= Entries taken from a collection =
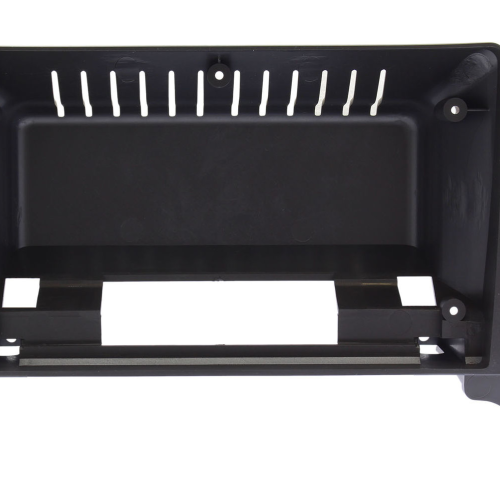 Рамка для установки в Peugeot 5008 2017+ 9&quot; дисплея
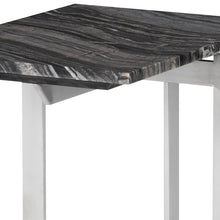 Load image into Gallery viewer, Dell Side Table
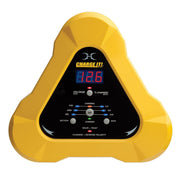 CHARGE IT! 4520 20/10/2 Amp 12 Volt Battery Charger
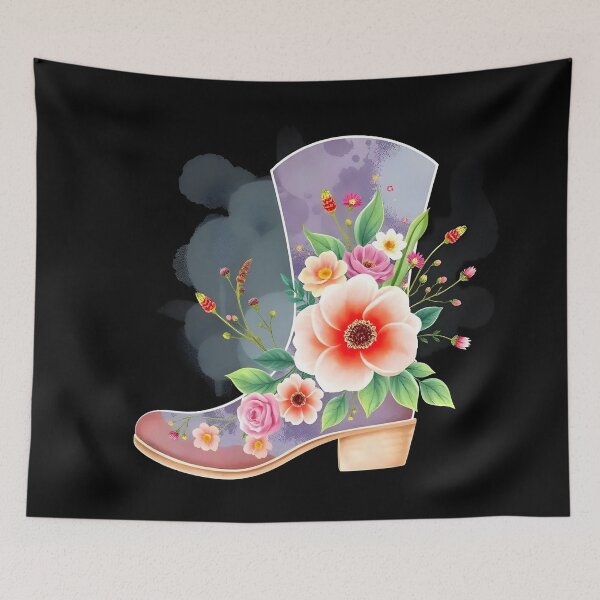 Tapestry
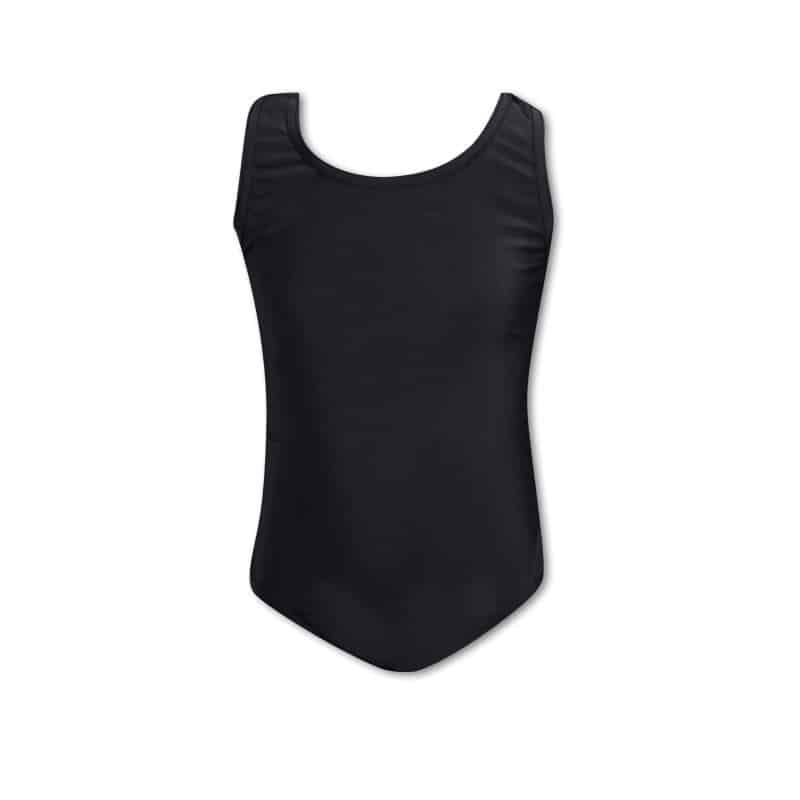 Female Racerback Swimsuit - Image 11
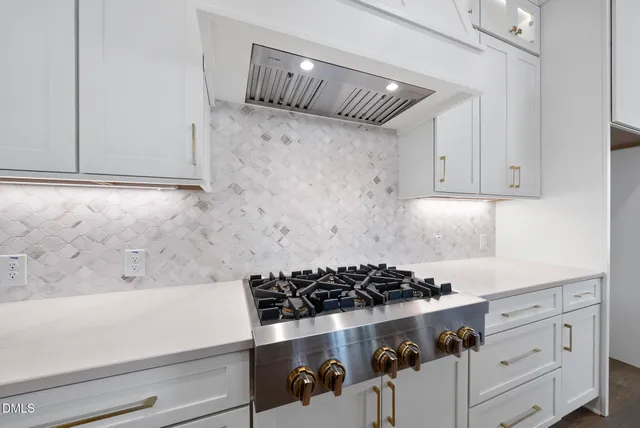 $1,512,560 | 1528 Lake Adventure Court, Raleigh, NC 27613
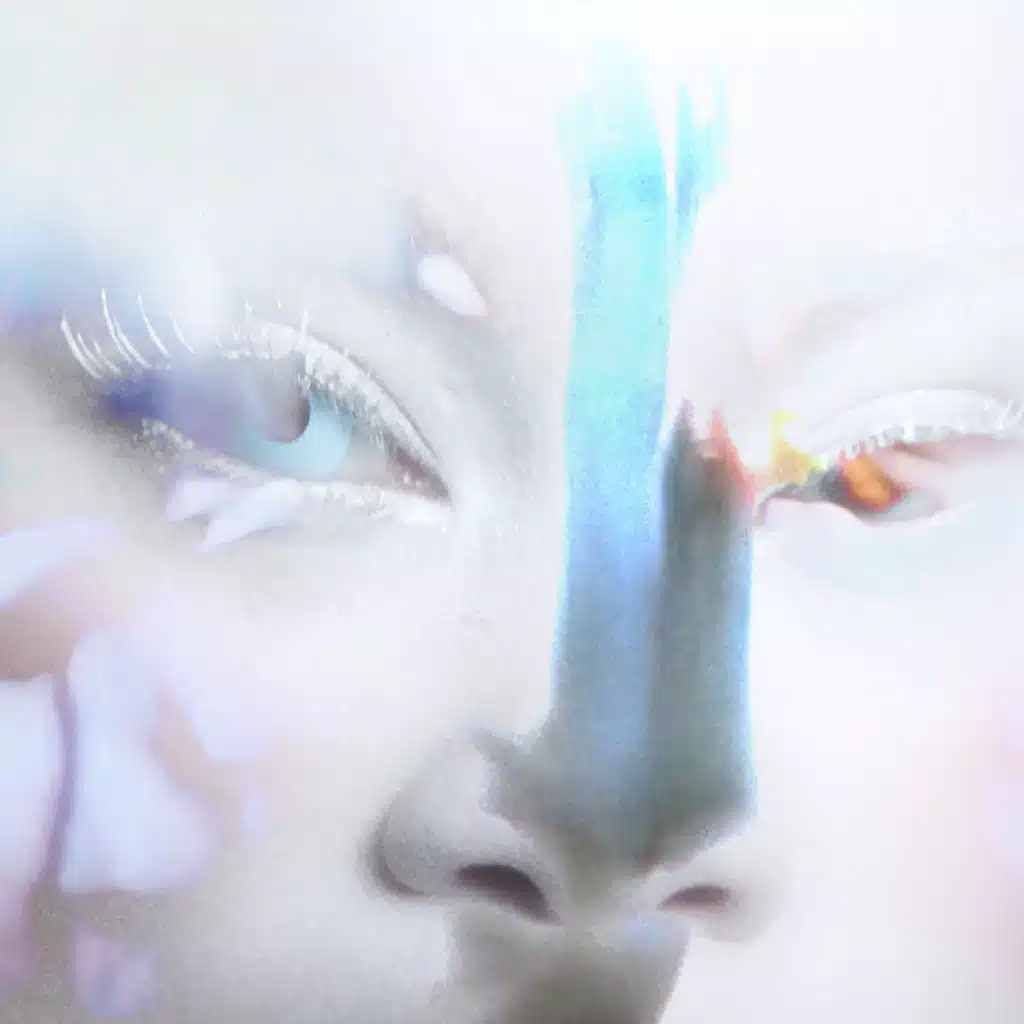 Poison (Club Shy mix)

= Activity =
Leave out the pictures and return, exactly as written, only the lines from the line with "Raleigh, NC 27613" through the end of the records above.

= Result of this exercise =
 $1,512,560 | 1528 Lake Adventure Court, Raleigh, NC 27613
 Poison (Club Shy mix)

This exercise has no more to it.